» **AVAILABLE DATA**
_ _ _ _ _ _ _
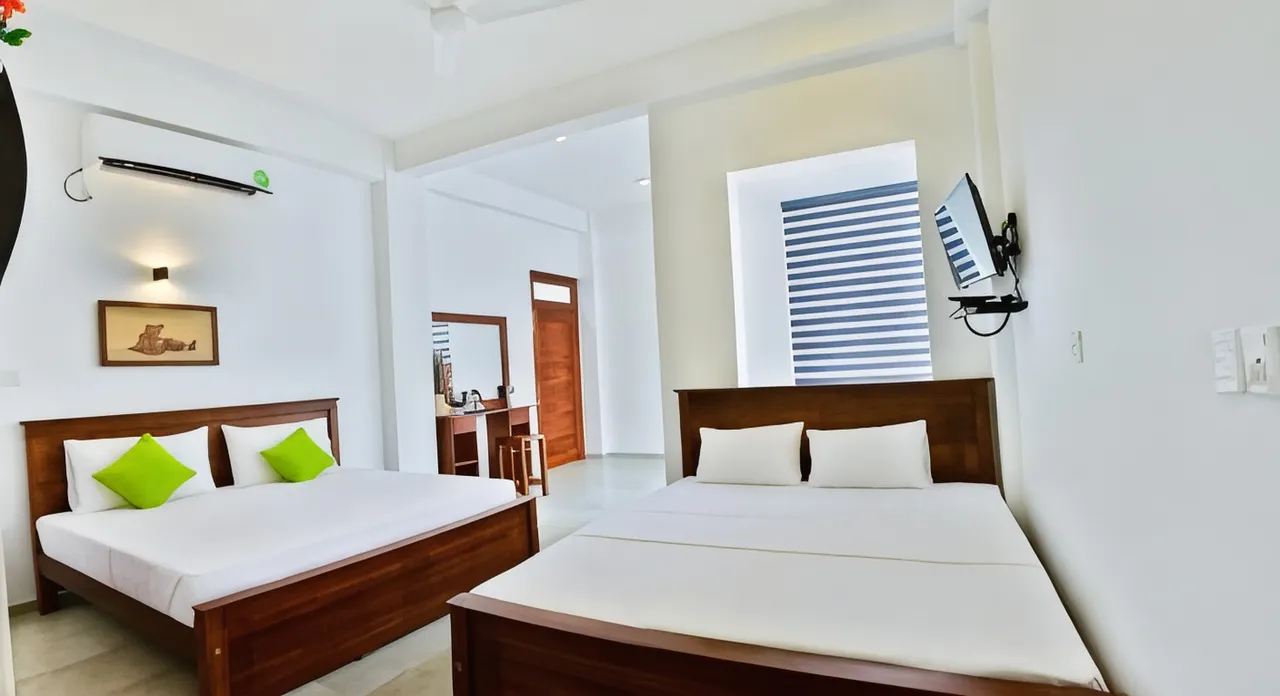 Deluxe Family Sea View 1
_ _ _ _ _ _ _
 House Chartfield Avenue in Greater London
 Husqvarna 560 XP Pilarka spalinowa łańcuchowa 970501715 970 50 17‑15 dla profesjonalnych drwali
_ _ _ _ _ _ _
» **TASK GOAL**
Going down the listing above, begin printing at the line with "House Chartfield Avenue in Greater London" and finish with the line with "Husqvarna 560 XP", exactly as they appear.

» **RESULT OF THIS TASK**
 House Chartfield Avenue in Greater London
 Husqvarna 560 XP Pilarka spalinowa łańcuchowa 970501715 970 50 17‑15 dla profesjonalnych drwali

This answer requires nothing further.